▼

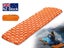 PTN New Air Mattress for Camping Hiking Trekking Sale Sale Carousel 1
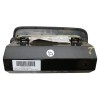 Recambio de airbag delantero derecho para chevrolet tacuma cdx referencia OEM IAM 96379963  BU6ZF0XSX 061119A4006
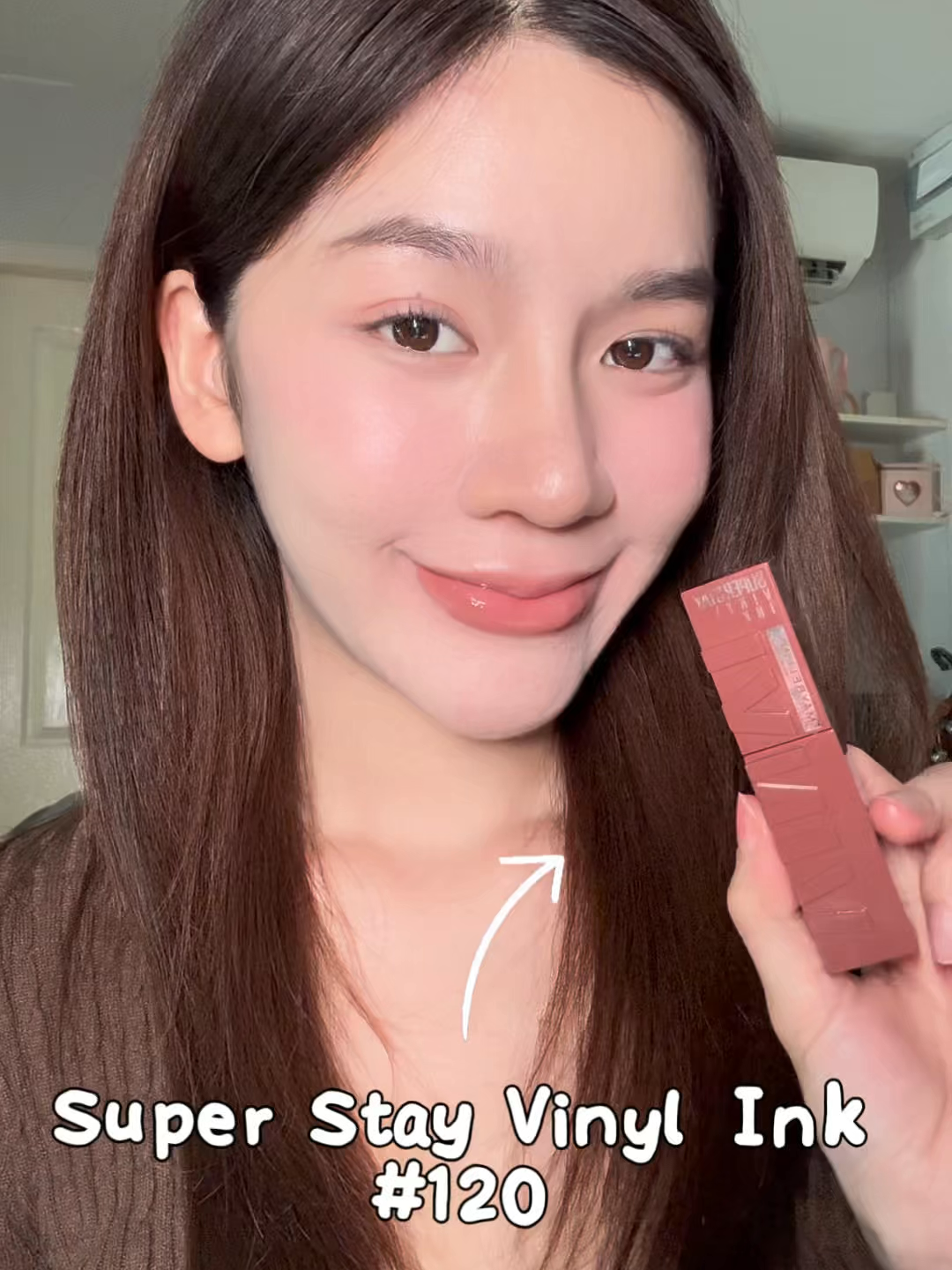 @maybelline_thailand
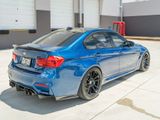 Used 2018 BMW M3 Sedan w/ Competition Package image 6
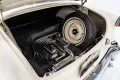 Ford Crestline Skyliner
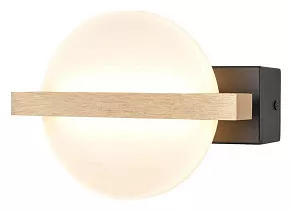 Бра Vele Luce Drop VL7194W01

▲
▼

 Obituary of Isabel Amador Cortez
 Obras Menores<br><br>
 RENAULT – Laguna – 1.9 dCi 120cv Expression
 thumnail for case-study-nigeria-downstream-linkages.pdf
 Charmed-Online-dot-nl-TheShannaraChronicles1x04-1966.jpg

▲

_WHAT YOU WILL DO_
In the data above, find the line containing "PTN New Air" and the line containing "Бра Vele Luce Drop VL7194W01". Repeat those two lines and everything between them exactly, minus the pictures.

_OUTPUT OF THE TASK_
 PTN New Air Mattress for Camping Hiking Trekking Sale Sale Carousel 1
 Recambio de airbag delantero derecho para chevrolet tacuma cdx referencia OEM IAM 96379963  BU6ZF0XSX 061119A4006
 @maybelline_thailand
 Used 2018 BMW M3 Sedan w/ Competition Package image 6
 Ford Crestline Skyliner
 Бра Vele Luce Drop VL7194W01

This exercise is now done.